Anderson-Levy also emphasized the need to support students across campus, especially in student and academic affairs.
“My leadership team and I will continue to work to figure out how best to invest resources that have the greatest positive impact in students’ lives,” Anderson-Levy wrote. “What might it look like to increase the number of staff and faculty who are safe harbors for students?”
Following Rivera’s initial request for faculty to make space in their classes to discuss students’ concerns, numerous departments also discussed how best to proceed following the many concerns about classroom climate and faculty that students voiced at the sit-in.
Students specifically expressed concern with the economics and political science departments. Sarah West, chair of the economics department, wrote in an email to The Mac Weekly that the department is committed to creating learning environments in which all students thrive. On the advice of an economics faculty member, economics professors were instructed to leave the classroom to make space for discussion.
Faculty in the political science department met twice on the Thursday following the sit-in to plan and reflect on their department’s classroom responses.
“To my knowledge, all members of the department addressed Wednesday’s events last Thursday and Friday, revised their syllabi to provide space for a wellness day this Friday, and are approaching their students with flexibility and compassion,” Lesley Lavery, the chair of the political science department, wrote in an email to The Mac Weekly. “We are working to develop additional opportunities for and channels of communication and support.”

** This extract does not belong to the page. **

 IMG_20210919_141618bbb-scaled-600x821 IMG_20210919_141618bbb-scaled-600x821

In an email to the student body on Wednesday, Rivera and Anderson-Levy announced three upcoming events to hold space for conversations surrounding concerns raised at the sit-in. A listening session for international students specifically will be held on Nov. 15. Two other events will be open to all members of the campus community — a Nov. 18 webinar on fundraising and a Dec. 2 forum “with the goal of hearing about student concerns and exploring potential next steps.”

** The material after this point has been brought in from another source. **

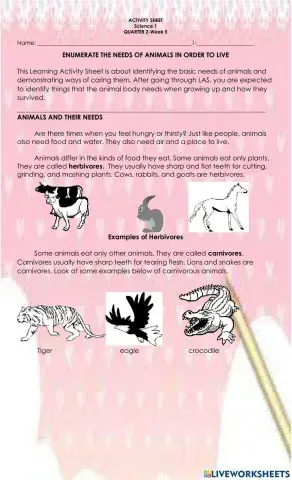 Enumerate the needs of animals in order to live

Bergen Schmidt contributed to reporting for this story.
Rachel Weeks • Nov 12, 2021 at 10:09 am
While I appreciate the Mac Daily’s continuing coverage of the student protest on Nov. 3, I am disappointed in this article for its failure to fully recognize the contributions of staff — both that day and after. I was (physically) present in Kagin from 9:30am – 2:10pm on Nov. 3. As a fellow staff member, the words of DeResha Vaughan, Administrative Coordinator for the Laurie Hamre Center, were particularly striking: DeResha named the culture of silence imposed on staff due to the rigid hierarchical structure of Macalester, how that structure and the people within it actively and passively uphold white supremacy, and how we see it firsthand but are constantly reminded that it’s best to stay quiet. She opened by saying she is not a public speaker, and concluded by saying that although this is uncomfortable, she is not willing to stay silent anymore (I’m paraphrasing here). I know from conversation with colleagues that I’m not the only one who found those words deeply resonant and galvanizing. If DeResha has not yet been contacted for comment, I sincerely hope the glaring omission is remedied in future articles.
Furthermore, the Unlearning White Supremacy meeting on Friday, Nov. 5 was primarily attended, at least in person at the Chapel, by students and staff. Athletics, Institutional Research, Admissions, the Civic Engagement Center, and even the High Winds Fund were all represented in the Chapel alone (I won’t speak to the online space, since I wasn’t there). Isabel Nelson, Logan Schrader, Jace Riggin, Eily Marlow, and many other members of *staff* dedicate countless hours to ensuring the group’s continual evolution and progression on campus. Yes, students and faculty contribute greatly and the space wouldn’t be what it is in their absence, but without the immense mental and emotional labor of staff, this group’s important work would likely grind to a halt (kind of like the rest of what happens outside the classroom at Mac).